- [Task directions] What is needed is an exact repetition of the lines below, from the first one through the one holding "JONATHAN SWIFT - CALATORIILE", with no pictures and nothing else.

(Short text fragments from websites)
☆ ☆ ☆
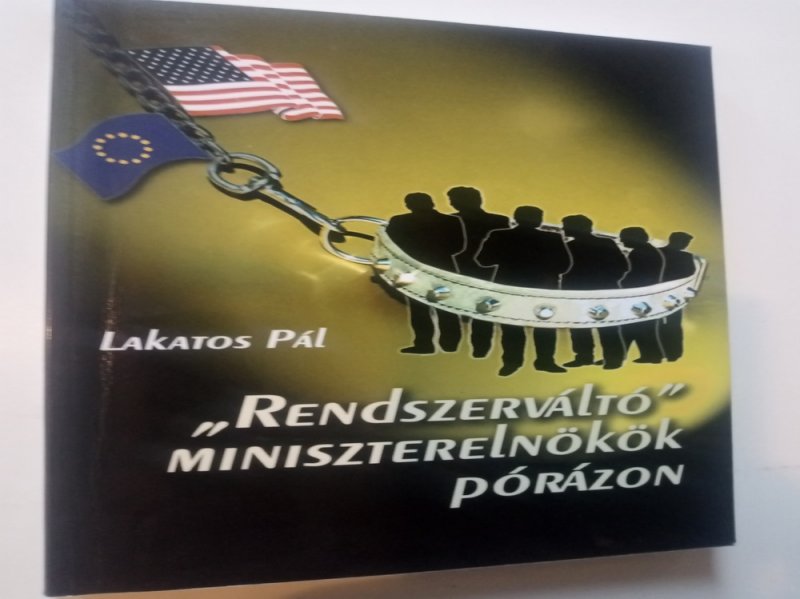 Lakatos Pál "Rendszerváltó" miniszterelnökök pórázon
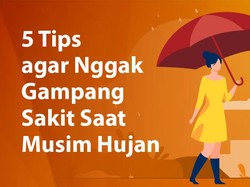 5 Tips biar Nggak Gampang Sakit Saat Musim Hujan
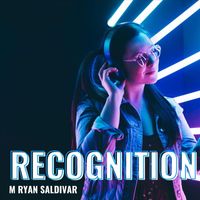 M Ryan Saldivar - Recognition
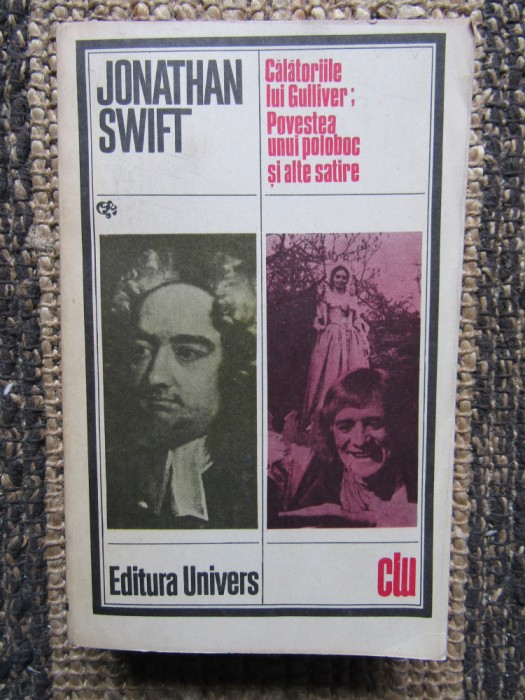 JONATHAN SWIFT - CALATORIILE LUI GULLIVER * POVESTEA UNUI POLOBOC SI ALTE SATIRE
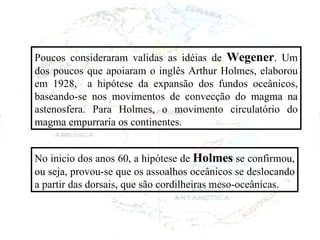 Poucos consideraram validas as idéias de  Wegener . Um dos poucos que apoiaram o inglês Arthur Holmes, elaborou em 1928,  a hipótese da expansão dos fundos oceânicos, baseando-se nos movimentos de convecção do magma na astenosfera. Para Holmes, o movimento circulatório do magma empurraria os continentes. No inicio dos anos 60, a hipótese de  Holmes  se confirmou, ou seja, provou-se que os assoalhos oceânicos se deslocando a partir das dorsais, que são cordilheiras meso-oceânicas. 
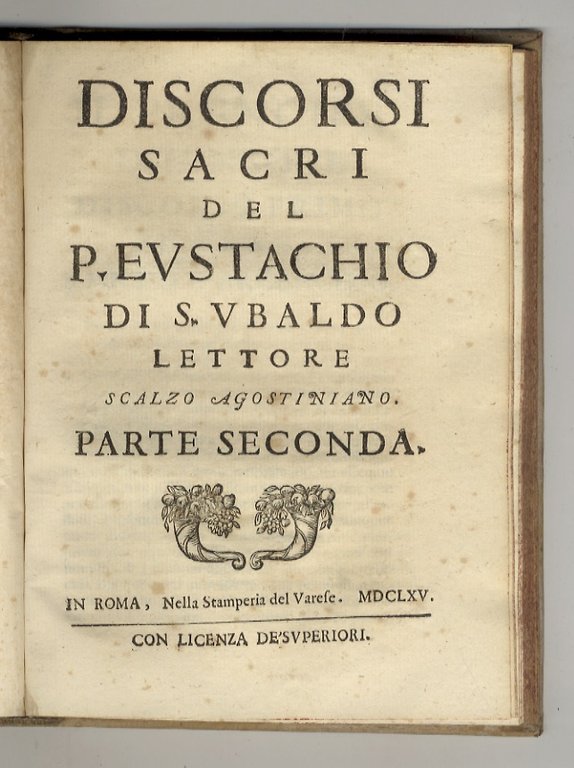 Discorsi Sacri. Parte prima (e seconda).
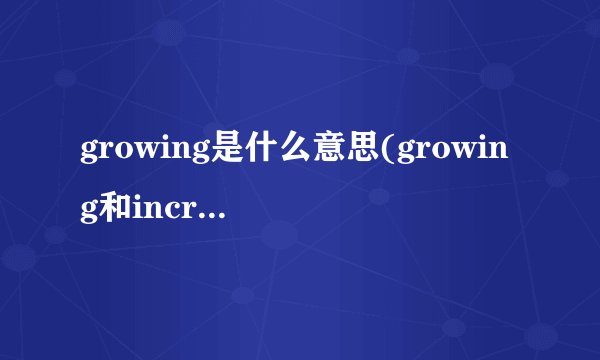 growing是什么意思(growing和increasing区别)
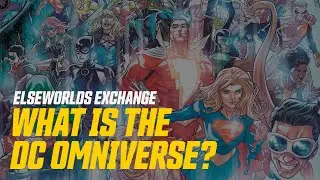 Does DC's Omniverse Mean No More Continuity? [Elseworlds Exchange]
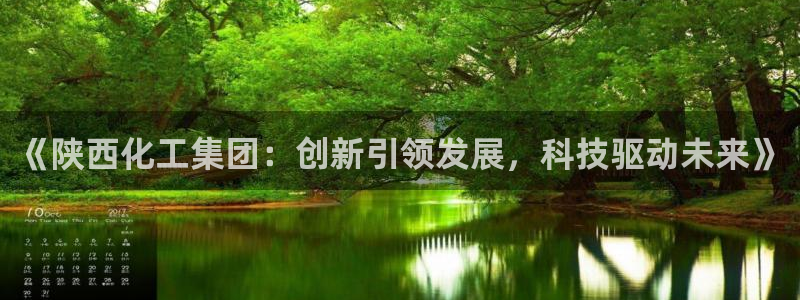 球盟会登录平台：《陕西化工集团：创新引领发展，科技驱动未来》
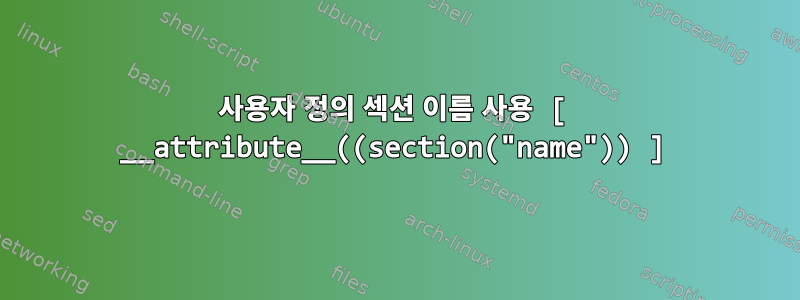 사용자 정의 섹션 이름 사용 [ __attribute__((section("name")) ]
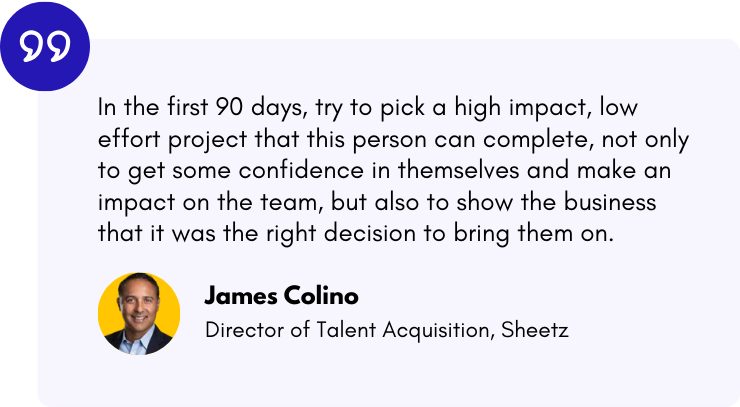 “In the first 90 days, try to pick a high impact, low effort project that this person can complete, not only to get some confidence in themselves and make an impact on the team, but also to show the business that it was the right decision to bring them on." — James Colino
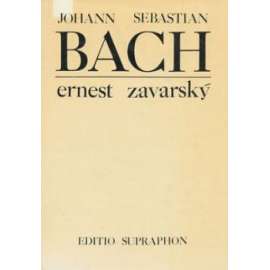 Johann Sebastian Bach [německý hudební skladatel doby baroka; monografie; jeho dílo: mše, duchovní hudba]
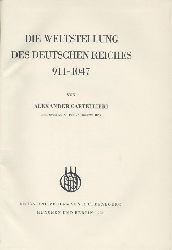 Cartellieri, Alexander  Die Weltstellung des Deutschen Reiches 911-1047. 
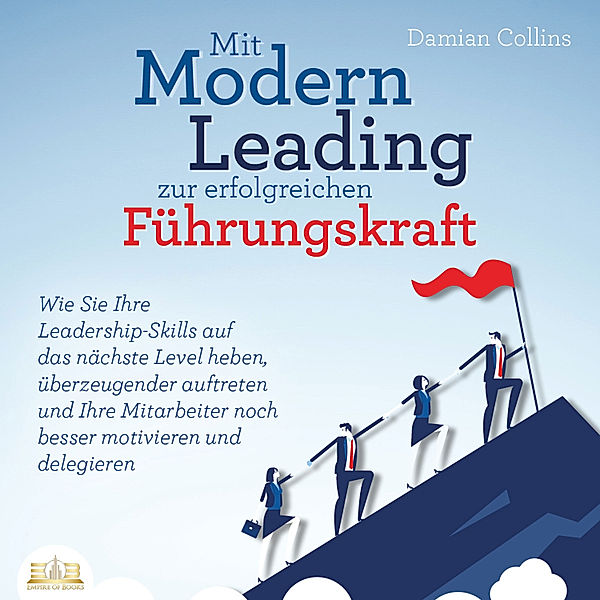 Mit Modern Leading zur erfolgreichen Führungskraft werden: Wie Sie Ihre Leadership-Skills auf das nächste Level heben, überzeugender auftreten und Ihre Mitarbeiter noch besser motivieren & delegieren, Damian Collins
☆ ☆ ☆
- [Answer space]
 Lakatos Pál "Rendszerváltó" miniszterelnökök pórázon
 5 Tips biar Nggak Gampang Sakit Saat Musim Hujan
 M Ryan Saldivar - Recognition
 JONATHAN SWIFT - CALATORIILE LUI GULLIVER * POVESTEA UNUI POLOBOC SI ALTE SATIRE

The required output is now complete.